Dorset Fossil Expert Sends Everything Dinosaur Trilobites
For Brandon Lennon, fossil expert and ammonite polisher supreme, this time of year is very busy as he prepares for the public Lyme Regis fossil walks which start again on Saturday 14th February. February 2015, may seem a long way off, but for someone who spends his time studying the extensive fossil beds on this part of Dorset coast, it is merely a blink in geological time away. Over the winter months, Brandon will be examining tide tables, looking at where rock falls and mud slides occur and plotting the best walks for those members of the public lucky enough to join him on his fossil finding adventures.

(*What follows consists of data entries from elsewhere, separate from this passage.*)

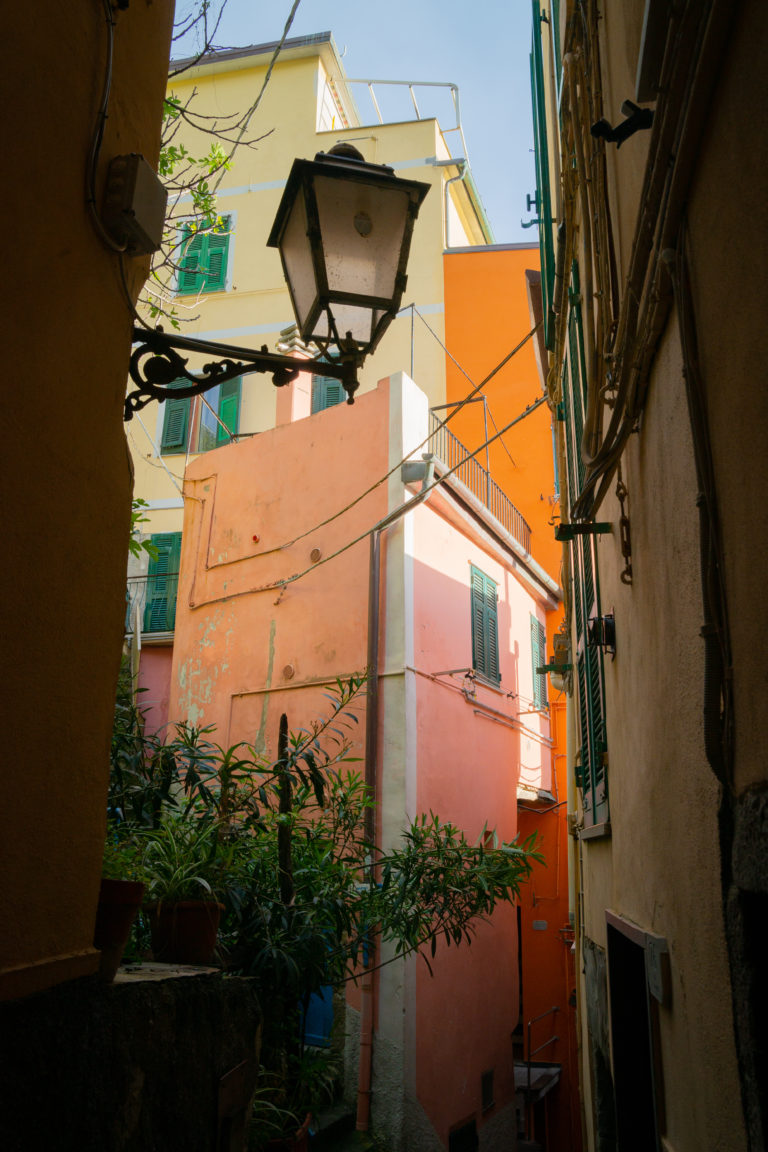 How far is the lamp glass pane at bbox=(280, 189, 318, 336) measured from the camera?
143 inches

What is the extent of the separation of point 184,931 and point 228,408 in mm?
13324

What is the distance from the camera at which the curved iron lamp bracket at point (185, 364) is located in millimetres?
3189

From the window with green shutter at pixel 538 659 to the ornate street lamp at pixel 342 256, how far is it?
1218 centimetres

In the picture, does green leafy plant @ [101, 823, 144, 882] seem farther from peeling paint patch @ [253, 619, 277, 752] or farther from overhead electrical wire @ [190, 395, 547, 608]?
peeling paint patch @ [253, 619, 277, 752]

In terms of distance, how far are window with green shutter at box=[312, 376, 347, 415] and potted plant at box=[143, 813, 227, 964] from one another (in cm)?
1103

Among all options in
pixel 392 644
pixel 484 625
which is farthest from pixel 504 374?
pixel 392 644

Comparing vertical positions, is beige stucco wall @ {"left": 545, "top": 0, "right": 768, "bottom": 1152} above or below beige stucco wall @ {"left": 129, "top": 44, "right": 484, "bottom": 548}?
below

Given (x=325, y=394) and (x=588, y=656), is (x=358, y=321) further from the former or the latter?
(x=325, y=394)

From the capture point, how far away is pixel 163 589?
49.3 feet

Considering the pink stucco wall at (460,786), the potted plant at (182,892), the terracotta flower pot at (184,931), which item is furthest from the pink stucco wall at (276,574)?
the terracotta flower pot at (184,931)

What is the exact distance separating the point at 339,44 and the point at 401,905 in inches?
652

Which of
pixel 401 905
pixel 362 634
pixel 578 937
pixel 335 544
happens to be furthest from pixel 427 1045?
pixel 335 544

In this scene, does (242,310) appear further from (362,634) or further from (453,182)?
(362,634)

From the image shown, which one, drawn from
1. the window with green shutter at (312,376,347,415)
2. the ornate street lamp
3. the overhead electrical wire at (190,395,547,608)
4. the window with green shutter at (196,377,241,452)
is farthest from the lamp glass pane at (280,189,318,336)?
the window with green shutter at (196,377,241,452) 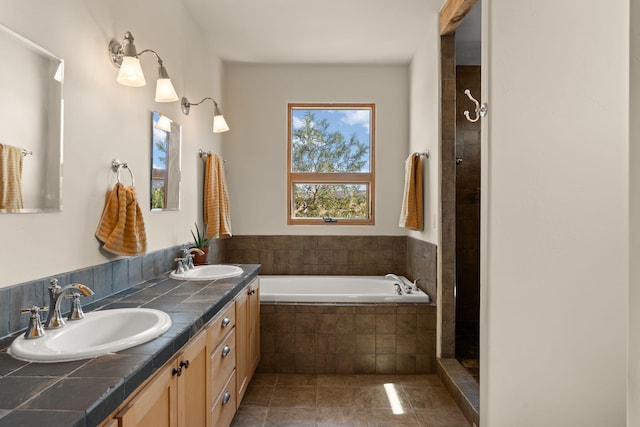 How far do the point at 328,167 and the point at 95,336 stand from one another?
117 inches

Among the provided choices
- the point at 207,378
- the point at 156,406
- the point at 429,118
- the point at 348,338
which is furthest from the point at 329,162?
the point at 156,406

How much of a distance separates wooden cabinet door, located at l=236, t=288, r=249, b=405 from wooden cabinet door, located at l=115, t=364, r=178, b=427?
0.99 m

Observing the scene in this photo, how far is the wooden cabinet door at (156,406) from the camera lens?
1.03 metres

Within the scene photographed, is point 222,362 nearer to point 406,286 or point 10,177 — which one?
point 10,177

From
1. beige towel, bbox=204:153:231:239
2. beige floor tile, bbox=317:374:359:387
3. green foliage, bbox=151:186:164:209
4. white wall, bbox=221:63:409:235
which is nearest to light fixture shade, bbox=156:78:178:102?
green foliage, bbox=151:186:164:209

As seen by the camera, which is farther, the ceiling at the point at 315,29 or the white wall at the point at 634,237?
the ceiling at the point at 315,29

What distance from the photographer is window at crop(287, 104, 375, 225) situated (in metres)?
4.11

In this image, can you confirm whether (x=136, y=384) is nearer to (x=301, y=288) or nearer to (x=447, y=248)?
(x=447, y=248)

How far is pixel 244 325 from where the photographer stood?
99.2 inches

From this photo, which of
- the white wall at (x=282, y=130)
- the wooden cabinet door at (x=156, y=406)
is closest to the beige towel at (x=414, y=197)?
the white wall at (x=282, y=130)

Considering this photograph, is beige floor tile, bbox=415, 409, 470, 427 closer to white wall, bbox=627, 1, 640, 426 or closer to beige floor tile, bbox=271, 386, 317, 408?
beige floor tile, bbox=271, 386, 317, 408

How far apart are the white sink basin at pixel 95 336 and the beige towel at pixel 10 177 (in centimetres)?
44

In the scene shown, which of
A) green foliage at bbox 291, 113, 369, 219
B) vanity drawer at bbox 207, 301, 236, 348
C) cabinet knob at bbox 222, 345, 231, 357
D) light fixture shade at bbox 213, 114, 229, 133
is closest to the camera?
vanity drawer at bbox 207, 301, 236, 348

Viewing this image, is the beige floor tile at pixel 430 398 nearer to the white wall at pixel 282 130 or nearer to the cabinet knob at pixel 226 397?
the cabinet knob at pixel 226 397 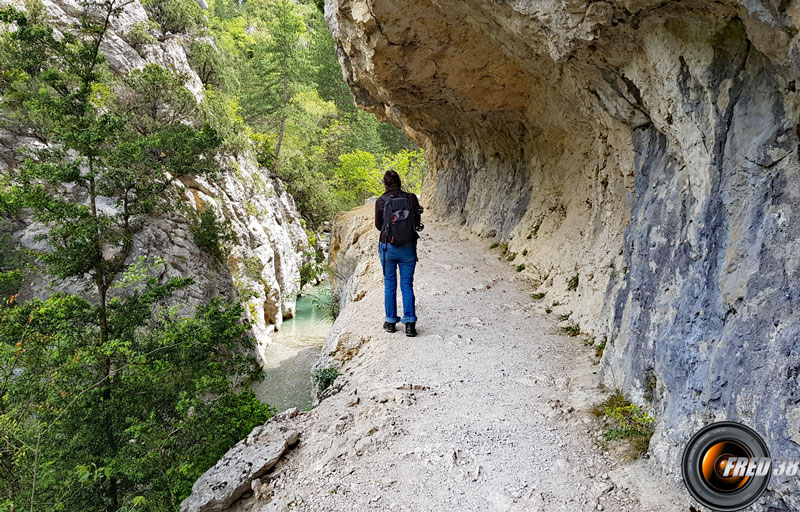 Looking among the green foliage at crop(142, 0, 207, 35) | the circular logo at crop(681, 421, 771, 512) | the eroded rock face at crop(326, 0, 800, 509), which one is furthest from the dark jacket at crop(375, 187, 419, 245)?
the green foliage at crop(142, 0, 207, 35)

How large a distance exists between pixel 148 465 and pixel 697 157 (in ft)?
23.3

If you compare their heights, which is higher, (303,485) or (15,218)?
(15,218)

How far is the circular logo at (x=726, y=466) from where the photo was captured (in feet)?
7.60

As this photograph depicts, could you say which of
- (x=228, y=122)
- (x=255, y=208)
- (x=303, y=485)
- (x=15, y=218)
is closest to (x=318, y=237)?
(x=255, y=208)

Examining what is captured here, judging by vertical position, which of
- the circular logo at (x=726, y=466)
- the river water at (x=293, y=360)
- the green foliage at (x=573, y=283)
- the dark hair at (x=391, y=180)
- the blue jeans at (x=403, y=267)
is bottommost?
the river water at (x=293, y=360)

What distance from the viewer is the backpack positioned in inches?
219

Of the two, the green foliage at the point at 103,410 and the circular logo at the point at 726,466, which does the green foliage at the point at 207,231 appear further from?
the circular logo at the point at 726,466

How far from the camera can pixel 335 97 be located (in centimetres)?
3462

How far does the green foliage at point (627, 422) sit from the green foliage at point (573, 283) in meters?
3.05

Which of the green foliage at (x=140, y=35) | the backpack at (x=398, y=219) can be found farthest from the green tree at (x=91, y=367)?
the green foliage at (x=140, y=35)

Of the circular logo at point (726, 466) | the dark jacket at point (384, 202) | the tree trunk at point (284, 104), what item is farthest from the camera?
the tree trunk at point (284, 104)

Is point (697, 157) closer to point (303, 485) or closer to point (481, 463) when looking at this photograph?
point (481, 463)

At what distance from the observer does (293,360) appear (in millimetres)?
15531

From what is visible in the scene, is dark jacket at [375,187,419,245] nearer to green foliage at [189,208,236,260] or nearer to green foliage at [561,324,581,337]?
green foliage at [561,324,581,337] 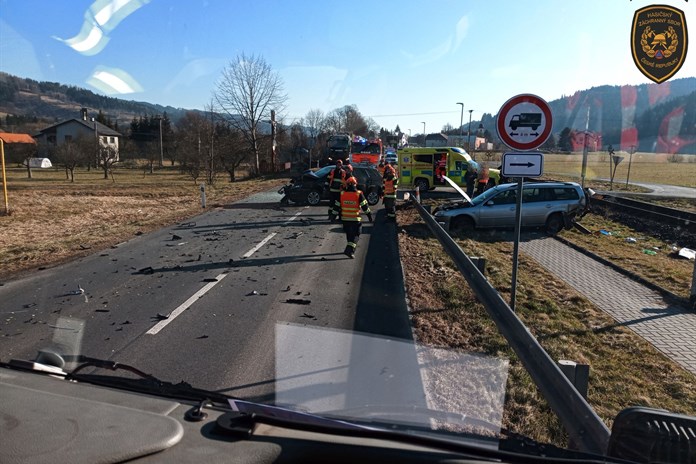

Fossil Hunting During the Winter
Brandon Lennon – Looking Forward to More Fossil Collecting in 2015
The picture above shows Brandon, with some beautifully preserved vertebrae from a Plesiosaurus, a marine reptile, fossils of which can be found eroding out of the cliffs on some parts of the Dorset coast. Next year, marks the 200th anniversary of the publication of the world’s first extensive geological map. The map that plotted the geology of England, Wales and parts of Scotland was created by the surveyor William Smith, (1769-1839), nick-named “strata Smith”, as it was Smith who used knowledge about which types of fossils could be found in which types of rock to plot the depositional sequence of strata.
The Geology of the Dorset Coast
This map, with its catchy title “A Delineation of the Strata of England and Wales with part of Scotland*“, is regarded by many scientists and cartographers as one of the most important and significant maps ever created, it has even been dubbed “the map that changed the world”. The geology of the Dorset coast is included, it forms one of fifteen sections that when combined produce the geological map. Brandon and his father (a retired geologist), would be able to recognise the underlying geology as identified by Smith all those years ago.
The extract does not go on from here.